続いては、やや熱を冷ましての「eel valley street」。メンバー全員がマイクに向かって歌うフレーズは、"いつものように 終わらないミュージック"。ああ、その通り。いつまでも終わらなければいいと思う。そんな幻想を引き裂くように鋭い刹那的なギターストロークが、切なくも痛快だ。楠野が「身体が温まってほぐれるように、みんなで揺れましょう」と投げかけると、レゲエ色の濃い「Long Night Out」へ。欲しいところで鳴ってくれる裏打ちのキーボードが心地良い。

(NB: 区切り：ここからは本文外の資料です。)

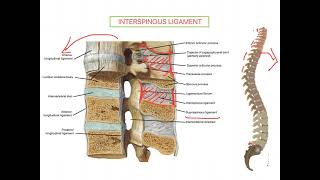 Interspinous Ligament VERTEBRAL COLUMN [upl. by Nesline]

来る新作EPからの新曲だという「tokyo owls」では、スペシャルゲストとしてやさしいみらいから夢句(Rap)をフィーチャー。「ライブ、最高でした!」(夢句)→「まだやってます」(楠野)というシュールなやりとりから、両者のリラックスした関係性が伺える。その曲名にふさわしい都会的なコードワークに夢句のラップが重なった瞬間、脳裏には「令和版『今夜はブギー・バック』」というフレーズが浮かんだ。

最後に楠野はフロアに向けて、「どんどん音楽を聴いて、幸せになりましょう」とメッセージ。「嘘つき」は、この日のセットリストの中で一際歌心を感じさせるレゲエナンバーだ。生のビートの中に織り交ぜられるデジタルなタムの音色が時代感覚を錯誤させ、それと引き換えにメロディの普遍性を際立たせる。最後の音が止んだ後も、ディレイしたスネアがどこかで鳴り続けているような気がした。


Ochunism

この日のトリを務めるのは、関西発のストレンジダンスロックバンド・Ochunism。頭には黒い羽根、グレーのスウェットという凪渡(Vo)の身なりはエフォートレスだが、歌声は実にソウルフルだ。「rainy」の、雨に打たれながらも前進を続けるような、弱さと決意を同時に湛えるボーカリゼーションで会場を掌握。kakeru(Ba)のここぞという場面で前に出るスラップフレーズも楽曲を盛り立てる。

勢いそのままに、アグレッシブな「Zero Gravity」へ。okada(MPC)によるフィンガードラムでのトラップビートからイクミン(Dr)による四つ打ちのダンスビートへとバトンが渡され、凪渡も臨機応変に対応してみせる。彼らの躍動するグルーヴは確かにロックバンド的だが、同時にダンスミュージックやHIPHOPを経由した最先端のポップスが自然に内面化されていて、その二面性こそが「ストレンジダンスロック」の正体なのではないかと直感する。凪渡は、高速フロウでクールに楽曲を乗りこなしながら、野性的なシャウトでオーディエンスの理性の皮を強制的に引き剝がしていく。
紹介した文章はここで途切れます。